Destination-wise, besides the automobile museums in Nagoya and Hiroshima, I dropped by Takehara as the one anime pilgrimage spot. The trip is complicated because flooding and typhoon earlier in the year took out the Kure line, meaning the only other way via JR Pass to Takehara is a bus from Mihara station. Alternatively I could have taken the direct bus from Hiroshima but that costs about a thousand yen one way. Mihara station itself is interesting, as a local Shinkansen stop, as it’s also built on top of a castle ruin. The bus drove along the coast to Mihara, so it had a scenic side effect despite making that side trip much longer.
In terms of events, I also attended Machico’s solo live on 12/1 in Yokohama, as well as a mini-album release event at HMV Shibuya for Komagata Yuri, in addition to the aforementioned live events. In retrospect I definitely could have packed on more, but it was already quite a lot.
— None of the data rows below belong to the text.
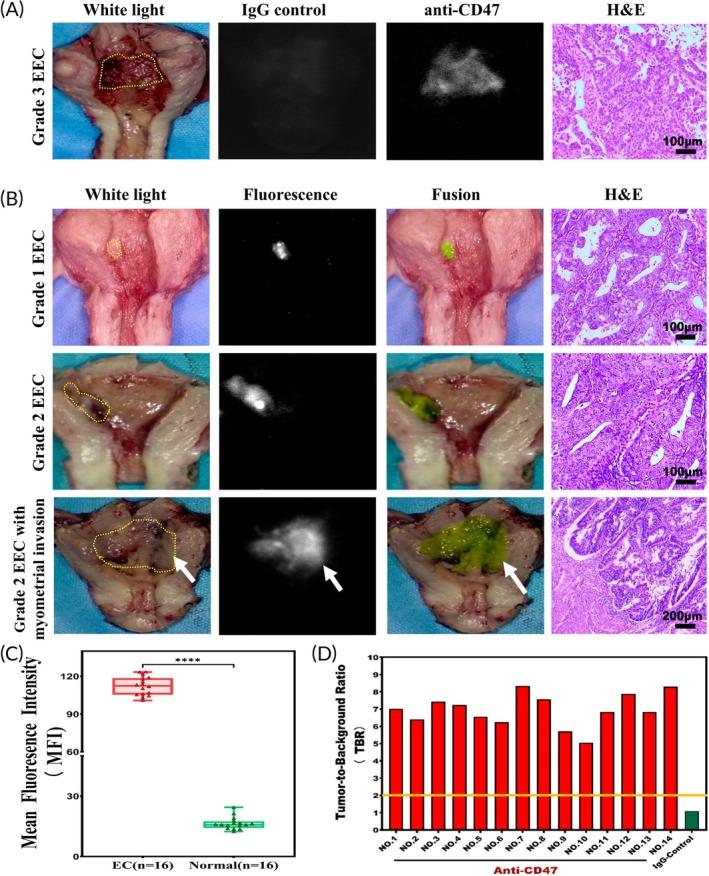 https://cdn.ncbi.nlm.nih.gov/pmc/blobs/88f2/12079536/b4006c22332b/BTM2-10-e10754-g007.jpg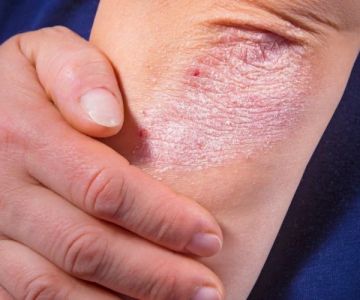 Guide to Skin Care Treatments for Eczema With a Simple Routine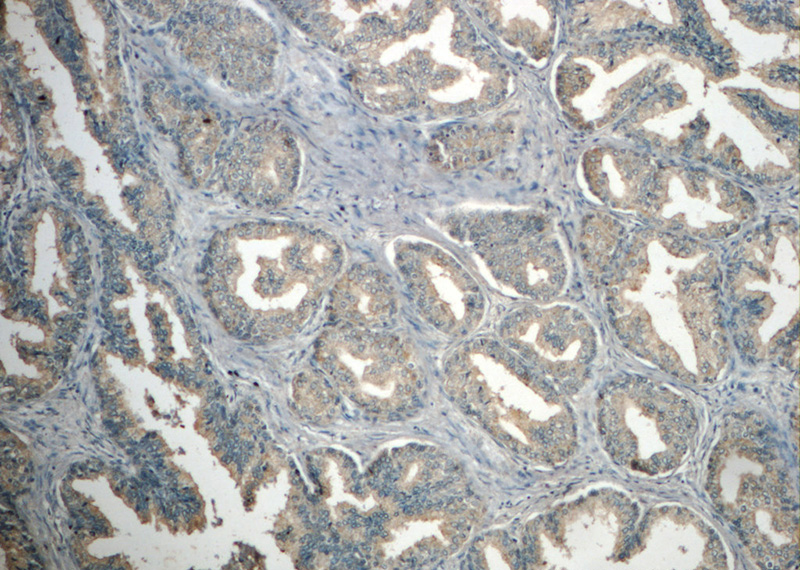 Immunohistochemistry of paraffin-embedded human prostate hyperplasia slide using Catalog No:111712(HTR4 Antibody) at dilution of 1:50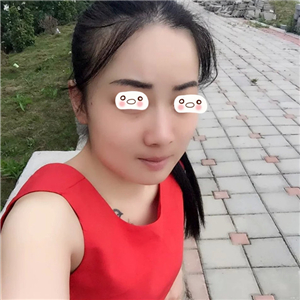 愛斯克做了高強(qiáng)度聚焦超聲5個月了，看看我的果照片，不錯哦~~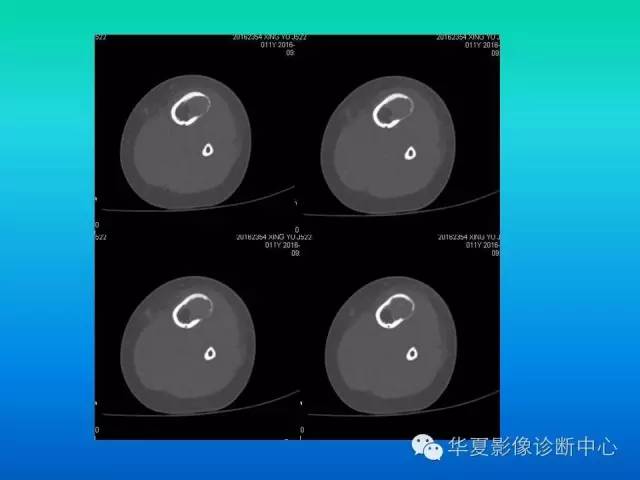 【病例】胫骨非骨化性纤维瘤1例CT影像表现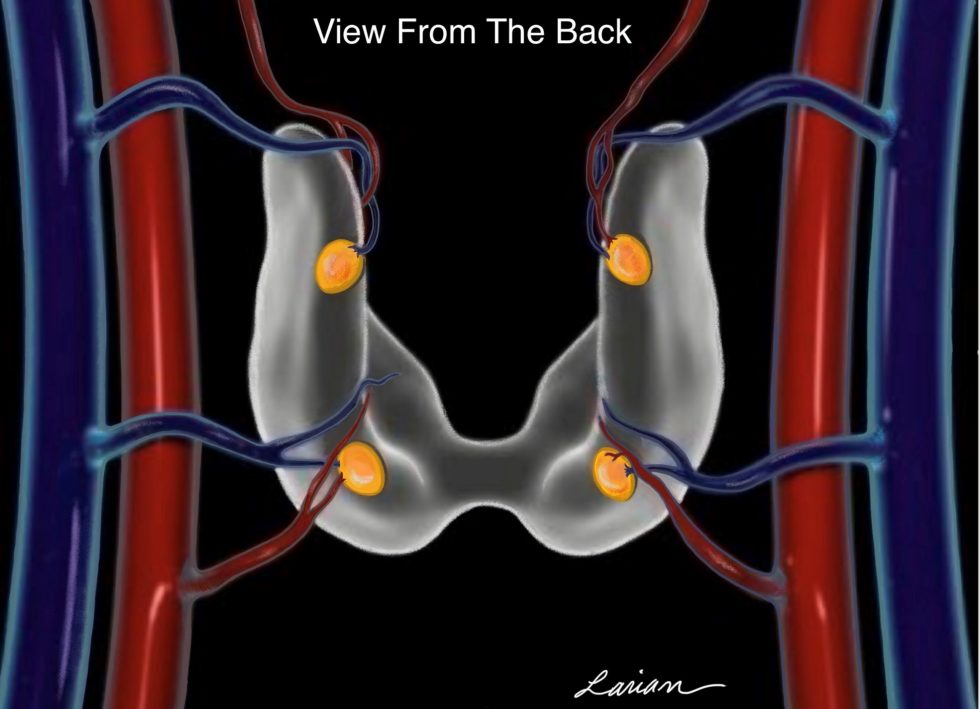 Parathyroid Anatomy Embryology Hyperparathyroidism Dr Larian 9284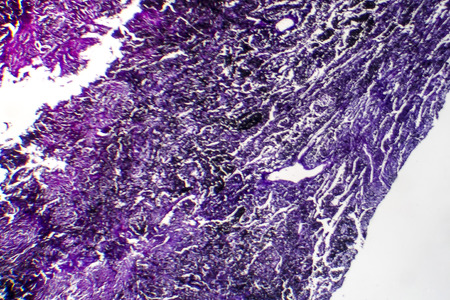 Histopathology of silicosis, the most prevalent chronic occupational disease. Light micrograph,...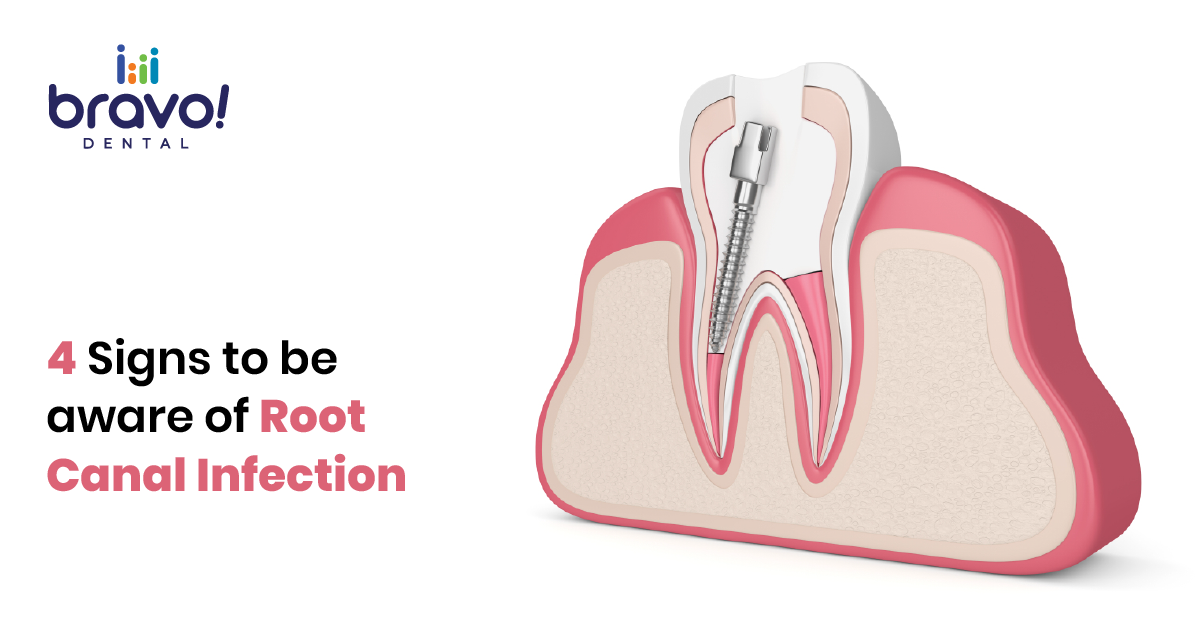 4 Signs to be aware of Root Canal Infection
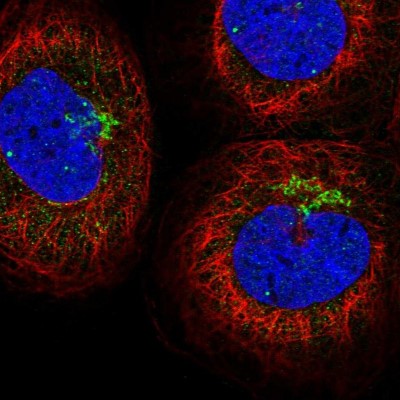 Immunocytochemistry/Immunofluorescence: LHFPL4 Antibody [NBP1-86225] - Staining  of human cell line A-431 shows positivity in golgi apparatus.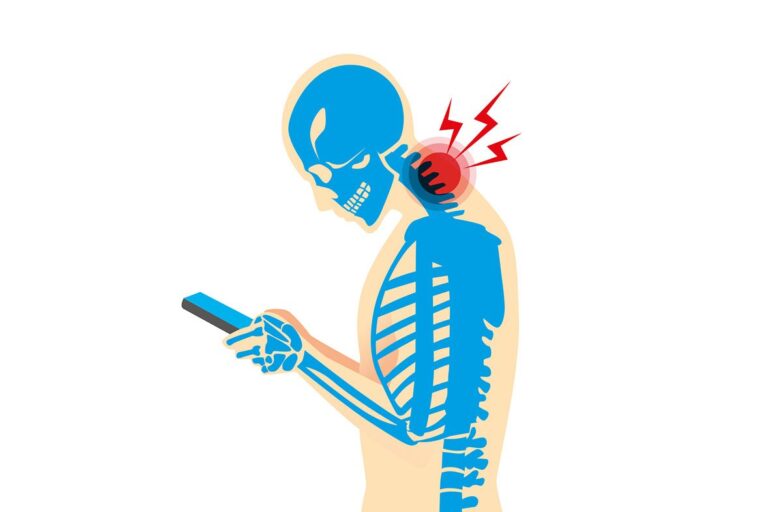 Smartphone neck pain illustration
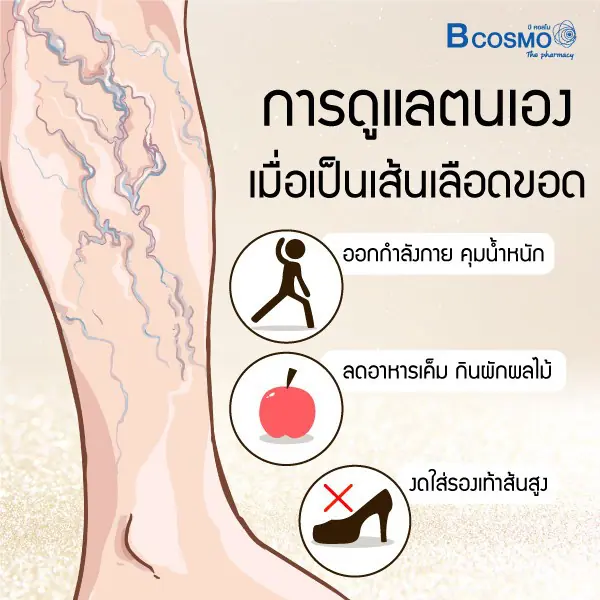 ภัยรายใกล้ตัว อาการเส้นเลือดขอด เกิดจากอะไรได้บ้าง ภัยรายใกล้ตัว อาการเส้นเลือดขอด เกิดจากอะไรได้บ้าง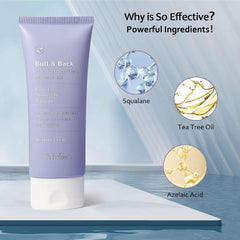 Crème anti-acné, 100 ml Cosmétiques et Beauté Naty Shop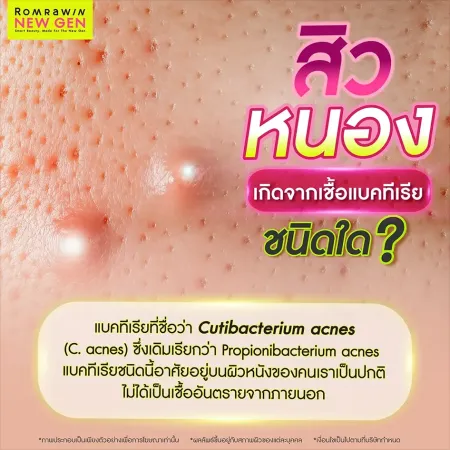 สิวหนองเกิดจาก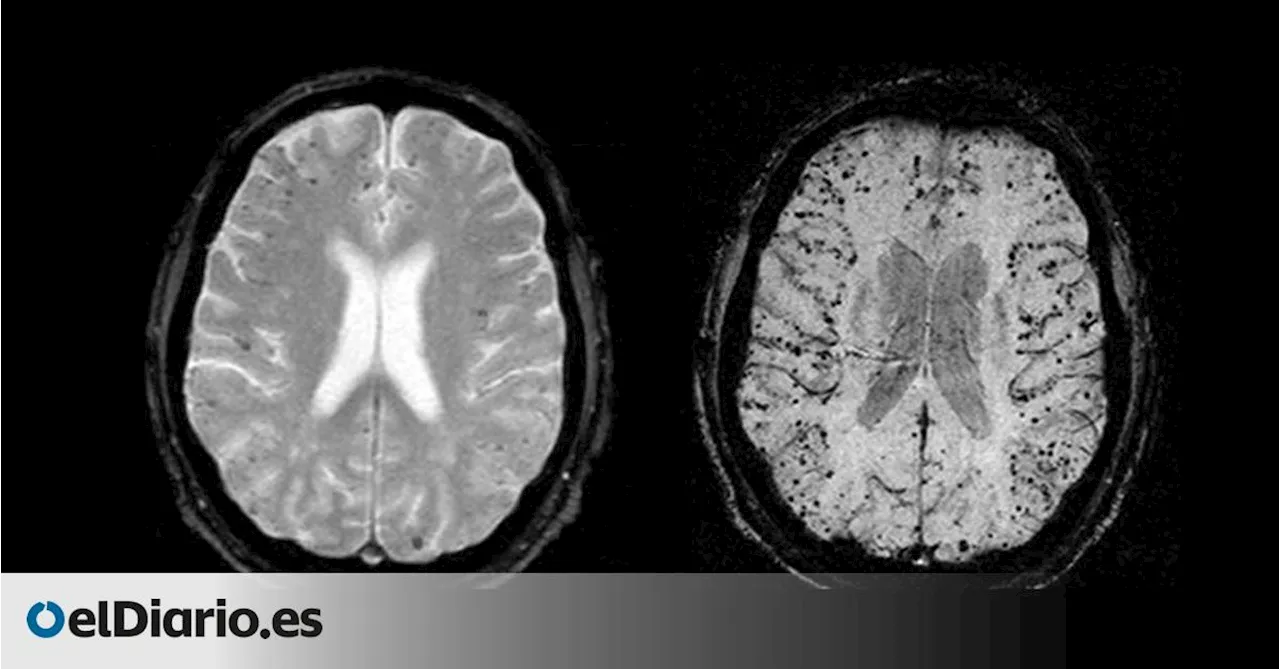 Identifican los primeros posibles casos de transmisión de una enfermedad cerebral en España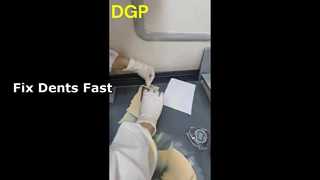 ボディフィラー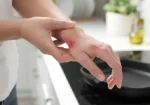جلنے کی صورت میں فوری کیا کریں؟ ماہرین نے عام گھریلو ٹوٹکوں سے خبردار کردیا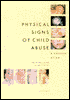 Physical Signs in Child Abuse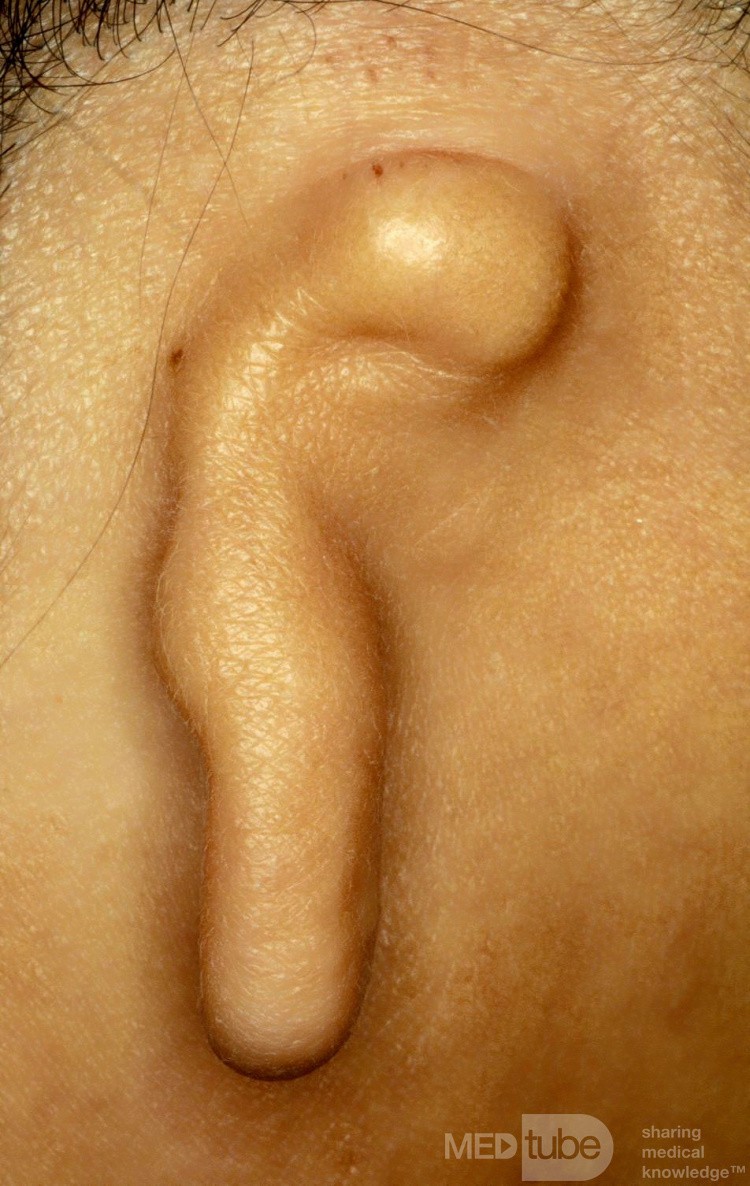 Microtie de l'oreille [à droite]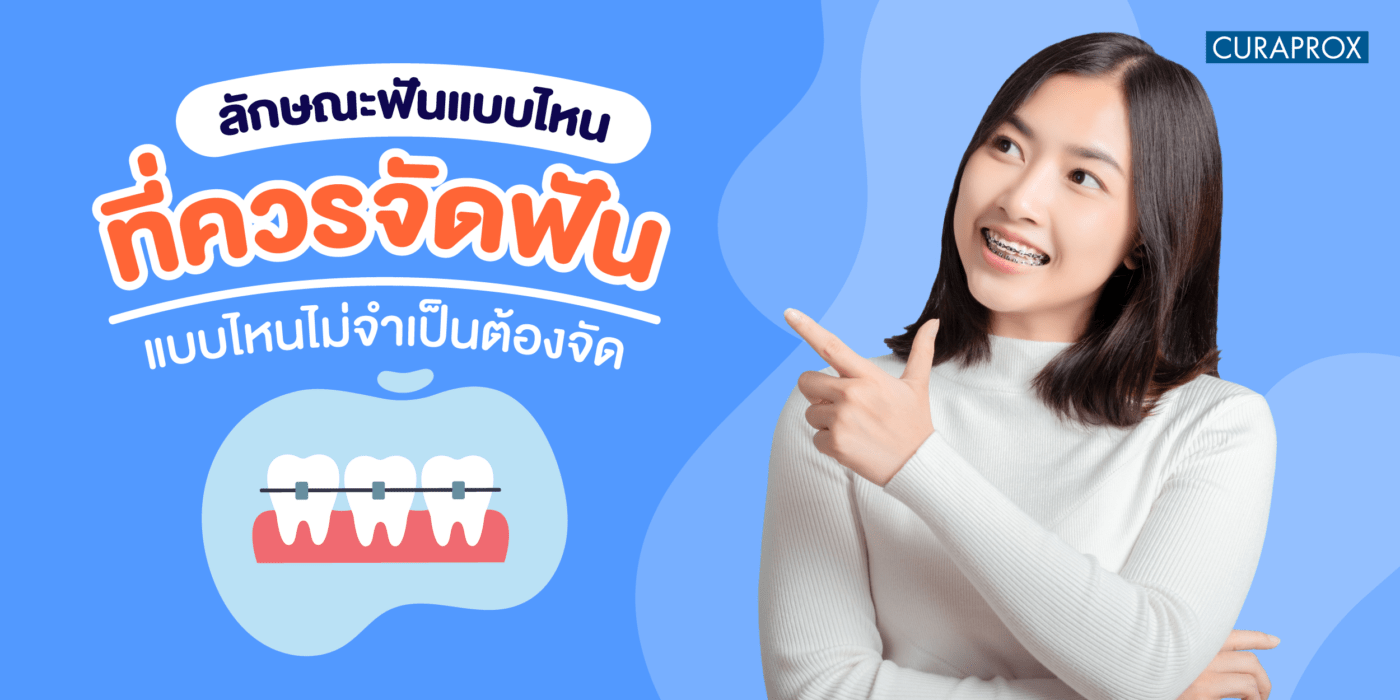 ลักษณะฟันแบบไหนที่ควรจัดฟัน แบบไหนไม่จำเป็นต้องจัด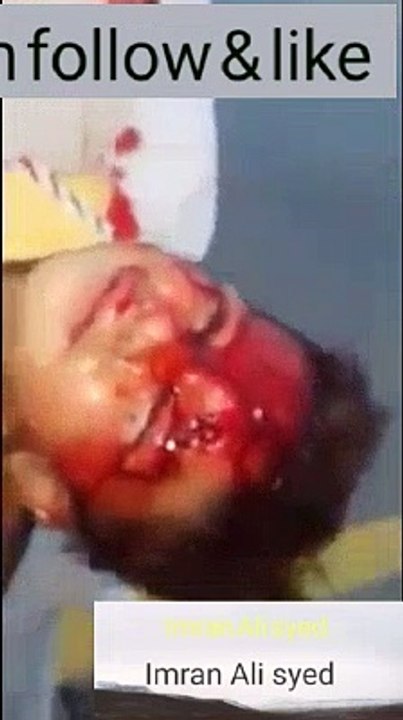 Dangerous excident in Pakistan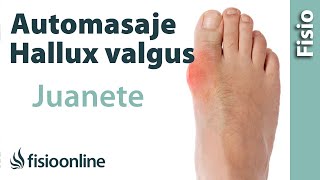 Automasaje para el hallux valgus o 'juanete'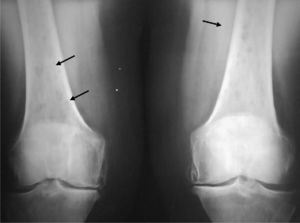 Radiografía simple de rodillas que muestra las lesiones líticas sin bordes esclerosos de distintos tamaños sin destrucción cortical en ambos fémures.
A lot of the time this trip I was doing solo traveling, which was refreshing given my prior trip in September. On my last tourist trip to Japan, I was basically in a tour bus the whole time, living on a schedule dictated by the tour company. It was fun and eye-opening, but restrictive. This was more just whatever-I-want but the quality of the trip is as good as the homework that I did ahead of time. I guess if you could, why not do both?
PS. On my way out of Japan, I took a Monday 10am flight from Haneda to JFK. While waiting to board I spotted the famous video game developer Kojima Hideo, in line for first class. I can never be sure of these things but it did turn out to be him, confirmed by his tweets later in the week.